There’s basic AES 256-bit encryption available on the drive however, it does not have TCG Opal or IEEE 1667 support (Microsoft eDrive).
One thing I’d like to point out is that the Plextor M6e is somewhat special as a SSD. What’s special about the Plextor M6e is that the controller is designed with its own BIOS built in, which is AHCI compliant. This allows the Plextor M6e to interface with the native AHCI drivers in Windows. Whereas previous PCIe SSDs required special, proprietary drivers to boot or use the SSD, the Plextor M6e will be recognized by the Windows installer much like a standard SATA based SSD.

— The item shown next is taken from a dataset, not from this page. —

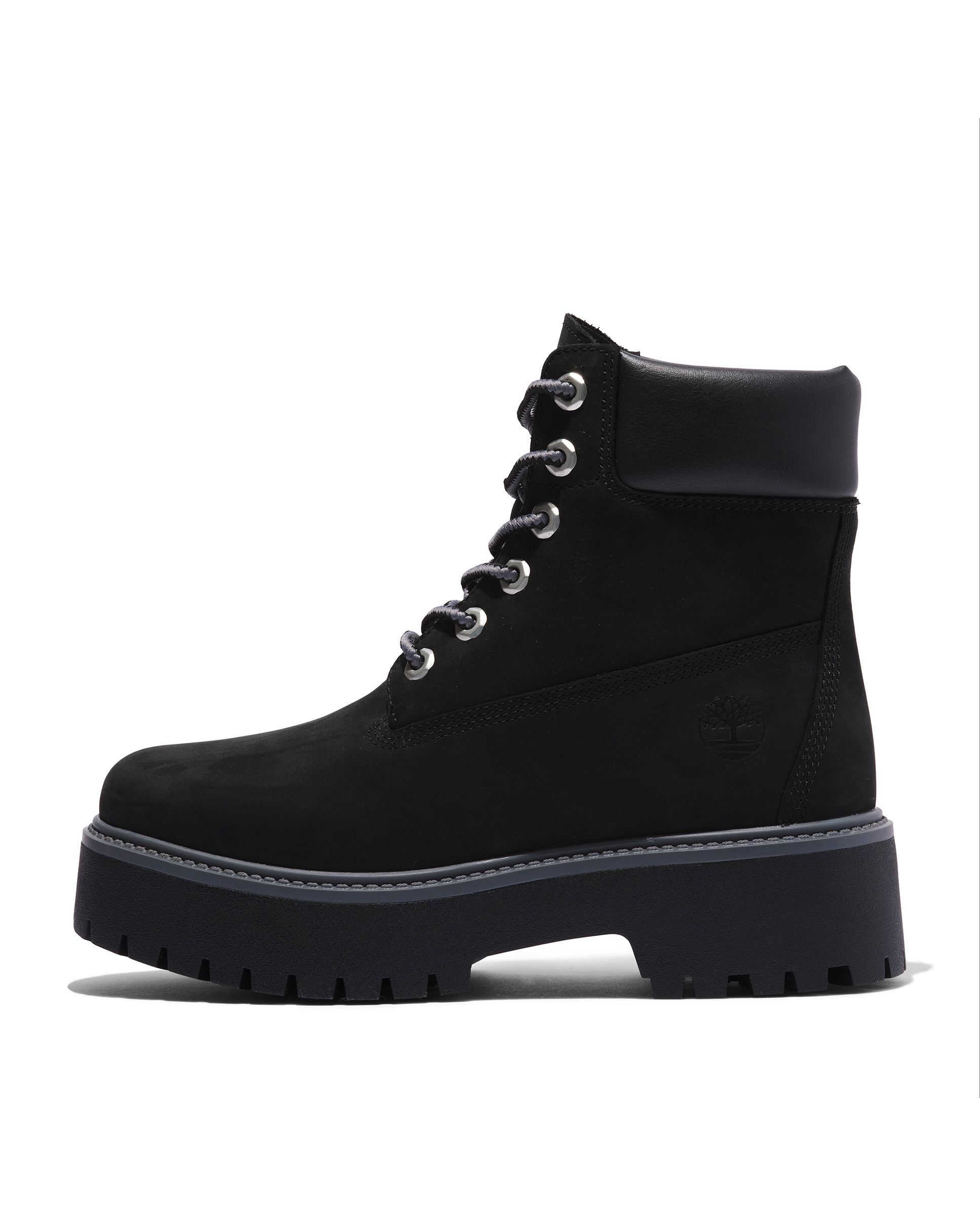 Botas suela track 6-inch impermeables con plataforma de mujer en cuero premium - Timberland - Negro Negro-7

In order test this, we not only used the PCIe x4 to M.2 adapter provided by Plextor, but also used the Bplus M2P4S PCIe x4 to M.2 adapter to boot off the Plextor M6e without any issues.
[section label=5. ATTO Disk Benchmark / AS SSD / Crystal Disk Mark]
Plextor M6e 256GB Performance
ATTO Disk Benchmark v2.46
ATTO Disk Benchmark is one of the industry’s oldest and most popular benchmarks for testing disk read/write speeds. This benchmarks allows read and write testing using predefined block sizes and gives us a good idea of read/write speeds with different sized files. Most SSD manufacturers these days prefer using this benchmark when advertising SSDs as it tests using compressible data, which tends to yield best performance.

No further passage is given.